*** Opening Records shown ***

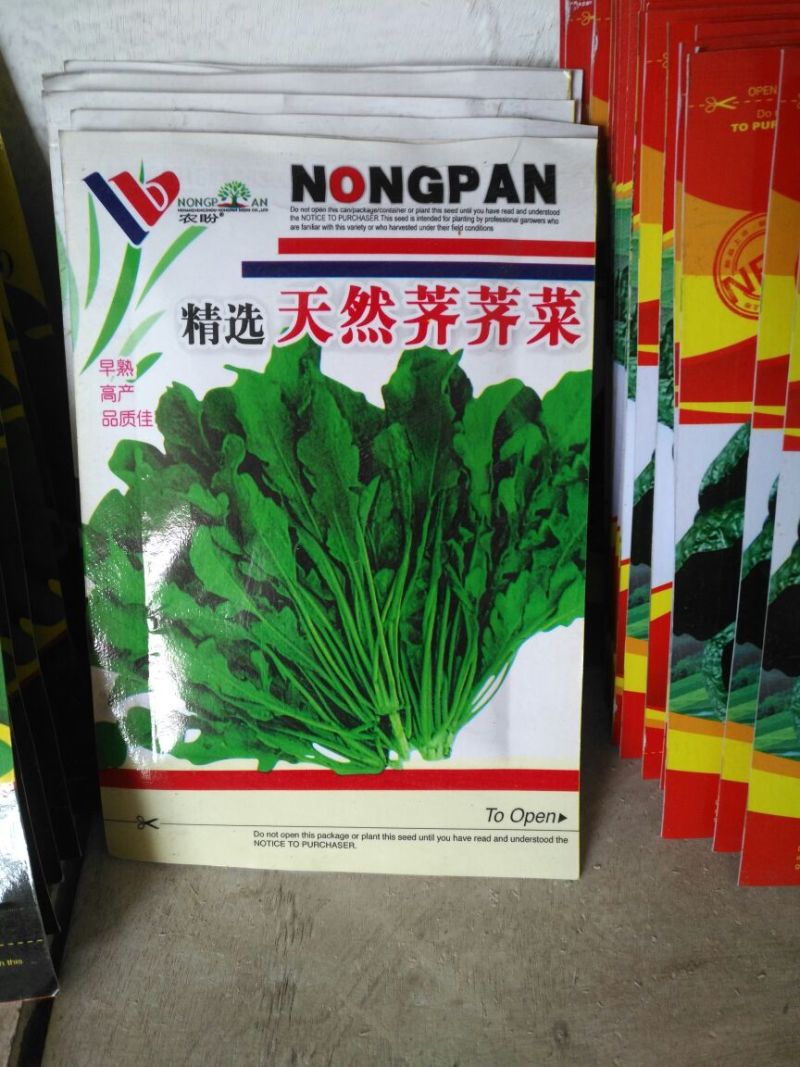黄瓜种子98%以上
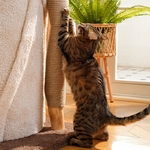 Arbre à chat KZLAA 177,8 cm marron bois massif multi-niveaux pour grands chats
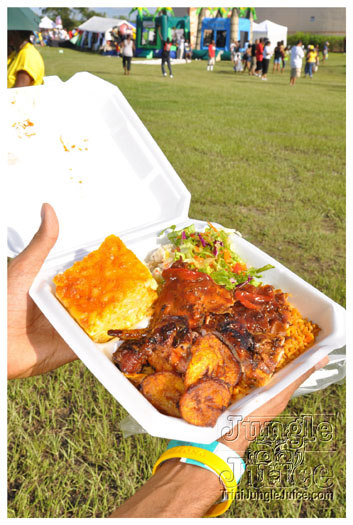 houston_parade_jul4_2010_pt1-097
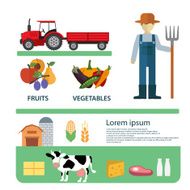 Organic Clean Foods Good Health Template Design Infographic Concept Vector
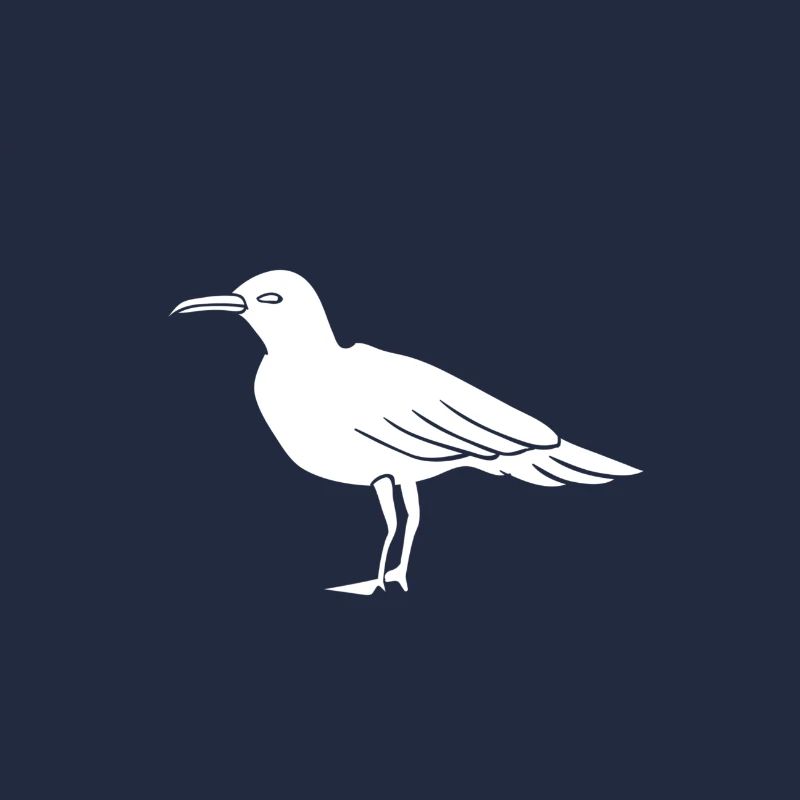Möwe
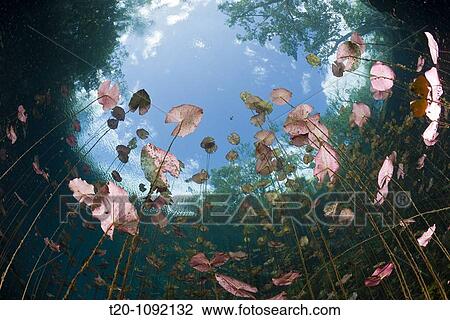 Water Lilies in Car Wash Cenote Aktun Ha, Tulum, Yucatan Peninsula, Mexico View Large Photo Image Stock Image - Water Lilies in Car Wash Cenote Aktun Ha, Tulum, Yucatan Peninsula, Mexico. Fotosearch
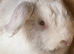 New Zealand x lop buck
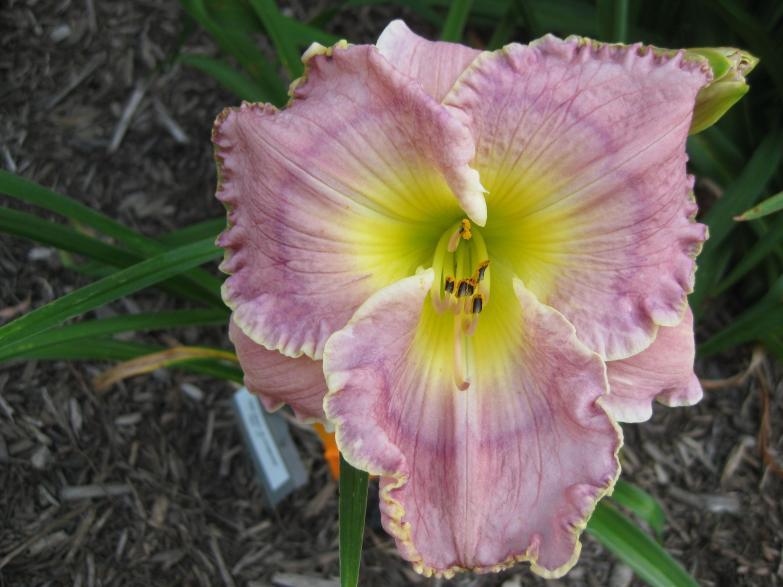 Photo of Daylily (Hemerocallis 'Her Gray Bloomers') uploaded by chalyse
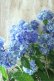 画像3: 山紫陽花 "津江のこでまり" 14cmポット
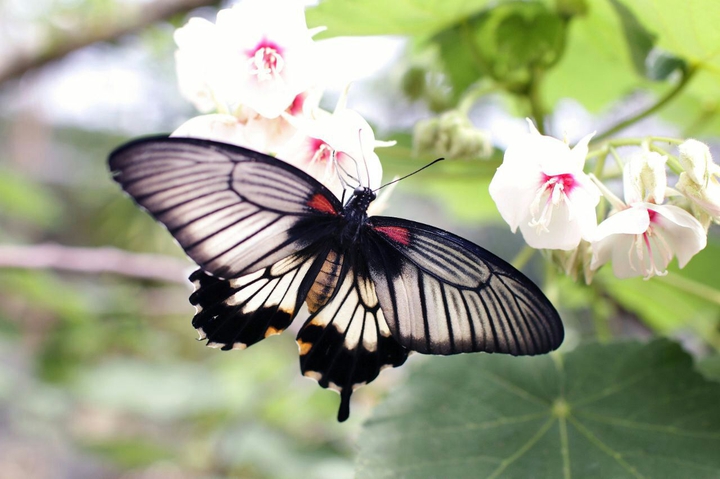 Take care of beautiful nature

*** Closing Records shown ***
*** Opening Records shown ***

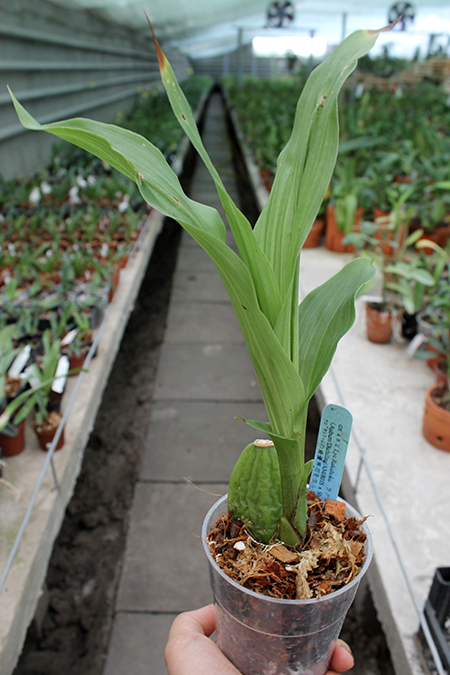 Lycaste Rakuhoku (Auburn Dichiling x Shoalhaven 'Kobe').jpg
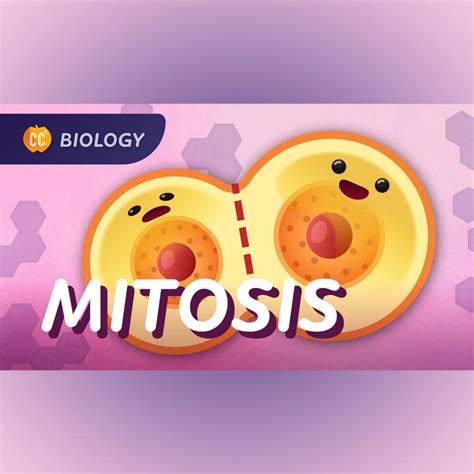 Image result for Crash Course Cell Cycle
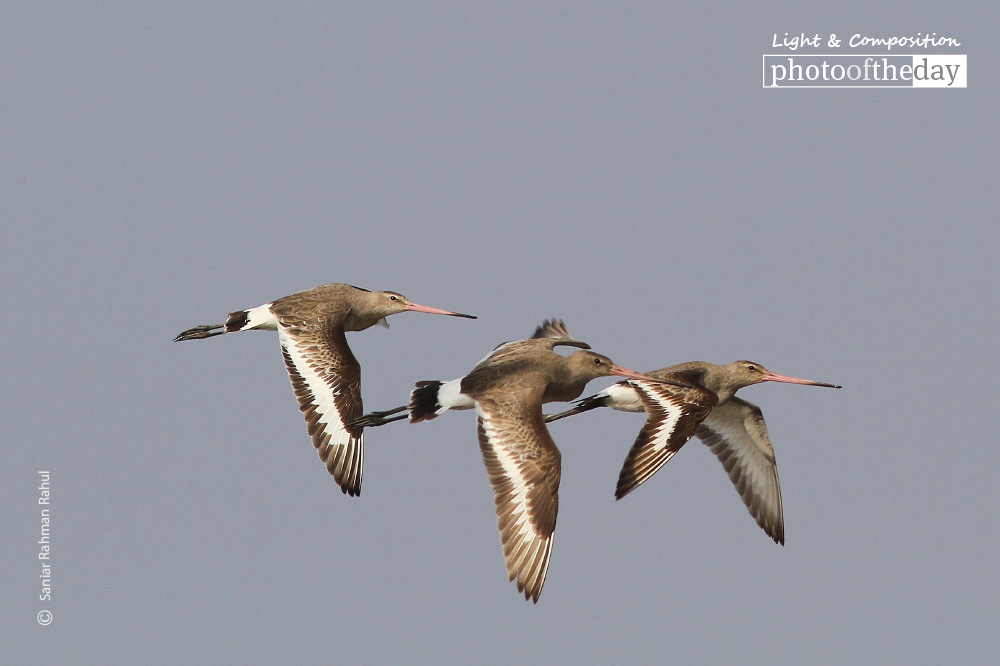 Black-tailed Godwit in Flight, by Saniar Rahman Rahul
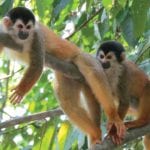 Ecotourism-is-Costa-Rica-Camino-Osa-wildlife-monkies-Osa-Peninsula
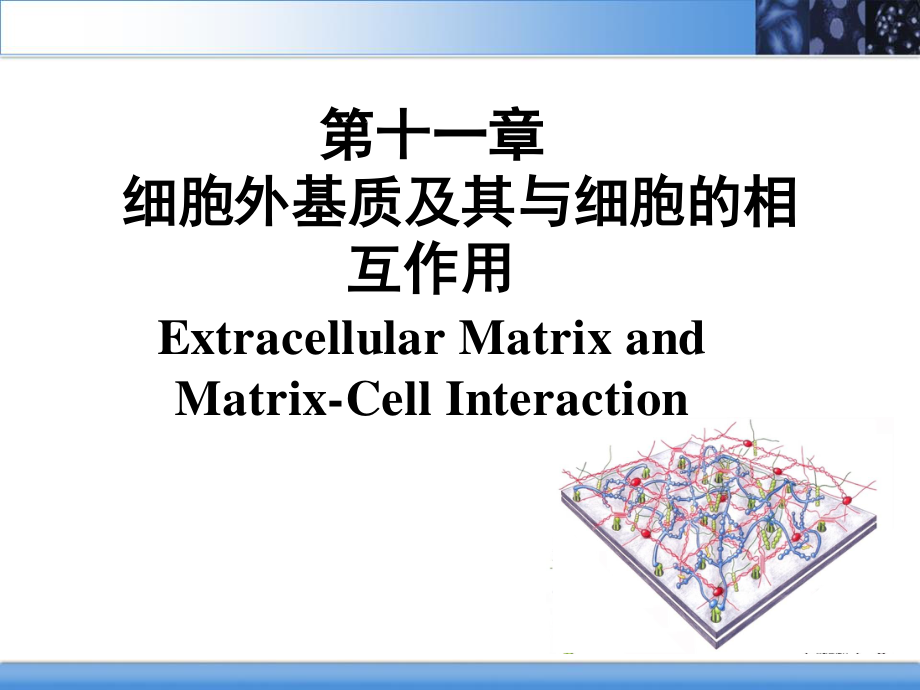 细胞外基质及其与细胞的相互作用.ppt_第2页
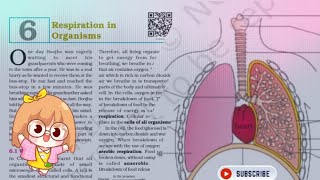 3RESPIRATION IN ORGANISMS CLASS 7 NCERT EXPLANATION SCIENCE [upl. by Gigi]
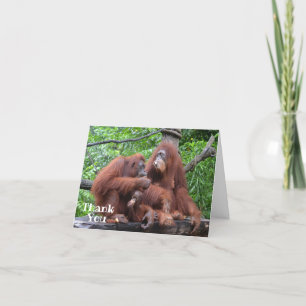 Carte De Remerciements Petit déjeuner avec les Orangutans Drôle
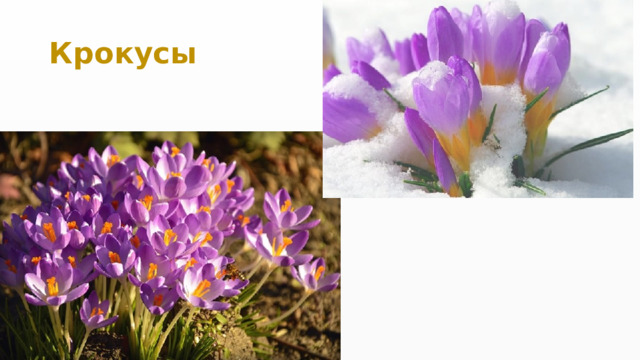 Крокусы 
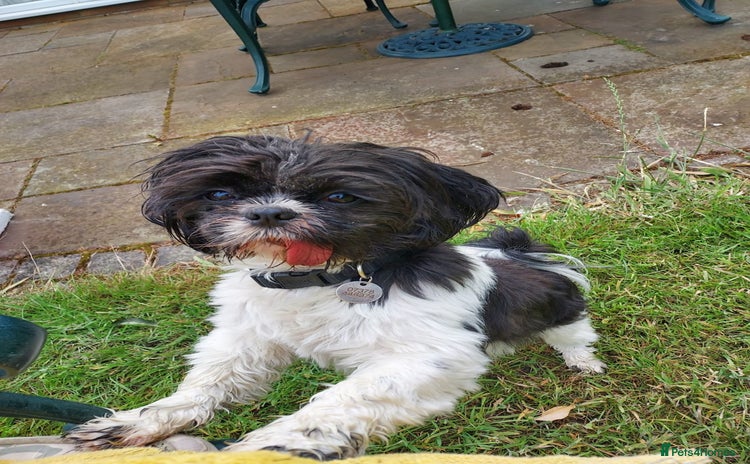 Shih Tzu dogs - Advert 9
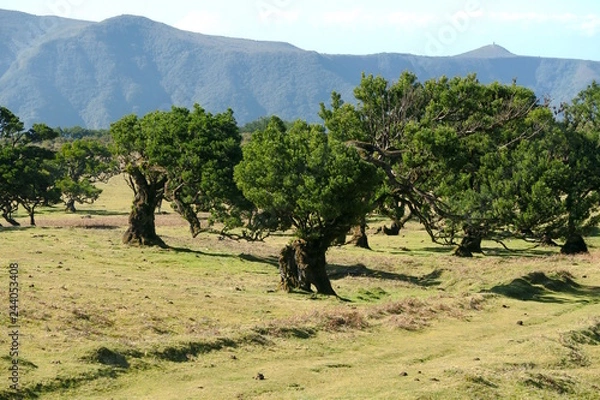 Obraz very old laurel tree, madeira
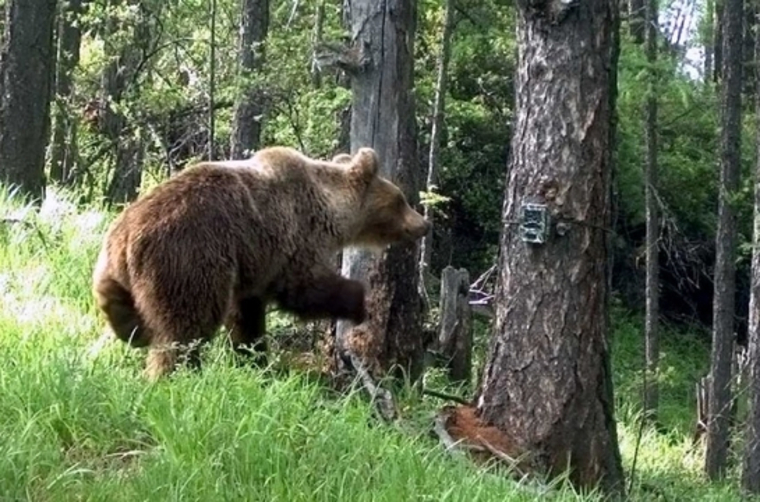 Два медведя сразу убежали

*** Closing Records shown ***

Your answer should be the exact lines above from the one containing "Organic Clean Foods" through the one containing "New Zealand x lop buck", with both end lines kept and the pictures removed, please.

• [Solved problem]
 Organic Clean Foods Good Health Template Design Infographic Concept Vector
Möwe
 Water Lilies in Car Wash Cenote Aktun Ha, Tulum, Yucatan Peninsula, Mexico View Large Photo Image Stock Image - Water Lilies in Car Wash Cenote Aktun Ha, Tulum, Yucatan Peninsula, Mexico. Fotosearch
 New Zealand x lop buck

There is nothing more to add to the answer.